Either way, for the good people or the bad people, it's a tough nut to crack. Pride is a deadly sin, and in that kind of cultural construct you're going to have a hell of a time convincing somebody that there's a difference between appropriate self-esteem and pride.
AND, it plays out differently for different people. The handful of genuinely good-hearted and decent Christians I know are not lacking genuine self-esteem, well-being or happiness. I don't believe that, for example, Nancy (you remember Nancy, don't you?) or my friend Mark whom you don't know, or Bill Higgins, are secretly trembling in dark corners at night loathing themselves and seeing God as their only redemption. So the trick may be to figure out a way to partition the psychology from the religion -- to identify what is going on in someone's head as a distinct phenomenon from whatever religious attitude they are espousing.

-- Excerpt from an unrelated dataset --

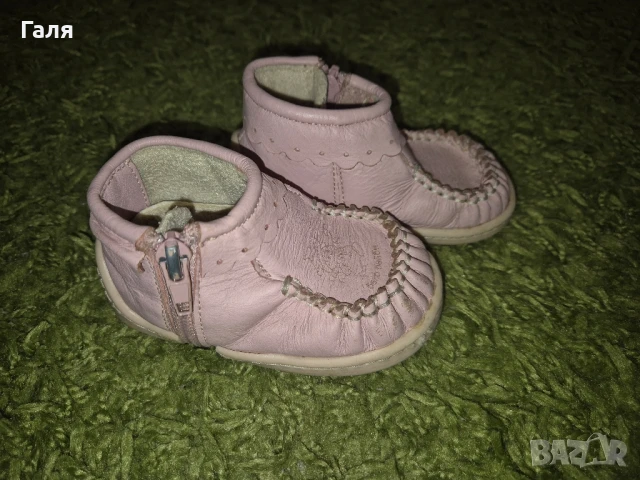 Бебешки буйки Беко, снимка 2 - Бебешки обувки - 51311971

And that's way too deep a dive for a public conversation or a stranger, obviously.
So coming back around to the core thought, I would still assert that in a public interaction with a stranger, religion is indeed outside the scope and not appropriate to the conversation. AND if someone is doing good stuff and chooses to give credit for that to God, we as strangers in that public conversation have no real choice but to assume that is harmless enough, because if we assume otherwise, it involves exactly the sort of personal invasion we previously established was not appropriate to the public interaction with the stranger.
Turns out to be a rather chewy subject, this thought of yours. No wonder it's taking time to form fully!